State how many lines of the listing below include the word "Volvo". Give only the number.

■ ■ ■

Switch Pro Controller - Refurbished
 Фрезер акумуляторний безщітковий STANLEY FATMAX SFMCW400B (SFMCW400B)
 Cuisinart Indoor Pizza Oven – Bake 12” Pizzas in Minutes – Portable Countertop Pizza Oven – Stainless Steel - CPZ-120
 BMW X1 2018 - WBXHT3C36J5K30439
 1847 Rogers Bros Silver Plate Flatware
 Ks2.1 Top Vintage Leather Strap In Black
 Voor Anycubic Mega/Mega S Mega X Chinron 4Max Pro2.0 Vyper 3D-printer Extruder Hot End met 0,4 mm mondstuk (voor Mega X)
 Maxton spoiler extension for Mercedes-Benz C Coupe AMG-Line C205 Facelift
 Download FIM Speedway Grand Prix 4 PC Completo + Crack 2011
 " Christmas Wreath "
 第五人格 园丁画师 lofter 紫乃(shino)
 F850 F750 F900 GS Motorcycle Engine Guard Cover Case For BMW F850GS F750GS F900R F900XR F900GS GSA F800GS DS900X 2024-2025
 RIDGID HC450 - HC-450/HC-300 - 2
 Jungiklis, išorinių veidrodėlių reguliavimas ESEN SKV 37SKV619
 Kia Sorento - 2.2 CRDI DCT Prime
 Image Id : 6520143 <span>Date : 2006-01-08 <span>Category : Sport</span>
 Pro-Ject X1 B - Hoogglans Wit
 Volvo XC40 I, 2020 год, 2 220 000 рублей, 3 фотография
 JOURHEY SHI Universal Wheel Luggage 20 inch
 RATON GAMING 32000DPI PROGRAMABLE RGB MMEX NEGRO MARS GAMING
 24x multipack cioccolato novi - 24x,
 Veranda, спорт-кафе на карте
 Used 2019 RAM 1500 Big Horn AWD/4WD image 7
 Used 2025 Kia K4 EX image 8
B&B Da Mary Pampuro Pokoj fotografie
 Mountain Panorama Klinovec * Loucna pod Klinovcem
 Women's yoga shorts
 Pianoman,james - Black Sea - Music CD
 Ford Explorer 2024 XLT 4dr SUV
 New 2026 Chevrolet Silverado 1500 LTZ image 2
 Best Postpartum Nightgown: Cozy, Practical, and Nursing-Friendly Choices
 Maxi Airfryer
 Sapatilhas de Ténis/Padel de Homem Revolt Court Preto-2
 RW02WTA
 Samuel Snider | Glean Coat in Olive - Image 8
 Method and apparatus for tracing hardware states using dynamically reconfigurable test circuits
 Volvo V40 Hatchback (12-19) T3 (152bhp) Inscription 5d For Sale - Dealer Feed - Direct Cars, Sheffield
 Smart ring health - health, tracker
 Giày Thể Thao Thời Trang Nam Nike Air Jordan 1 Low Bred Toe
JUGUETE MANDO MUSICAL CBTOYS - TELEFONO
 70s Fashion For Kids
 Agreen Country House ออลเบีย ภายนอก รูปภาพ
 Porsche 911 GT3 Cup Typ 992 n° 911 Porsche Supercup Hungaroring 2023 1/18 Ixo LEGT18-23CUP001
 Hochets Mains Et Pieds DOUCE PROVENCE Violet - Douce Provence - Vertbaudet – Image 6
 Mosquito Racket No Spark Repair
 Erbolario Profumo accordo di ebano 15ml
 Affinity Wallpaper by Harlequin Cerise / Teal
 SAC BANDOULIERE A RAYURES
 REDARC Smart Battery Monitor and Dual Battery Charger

■ ■ ■

RESULT: 2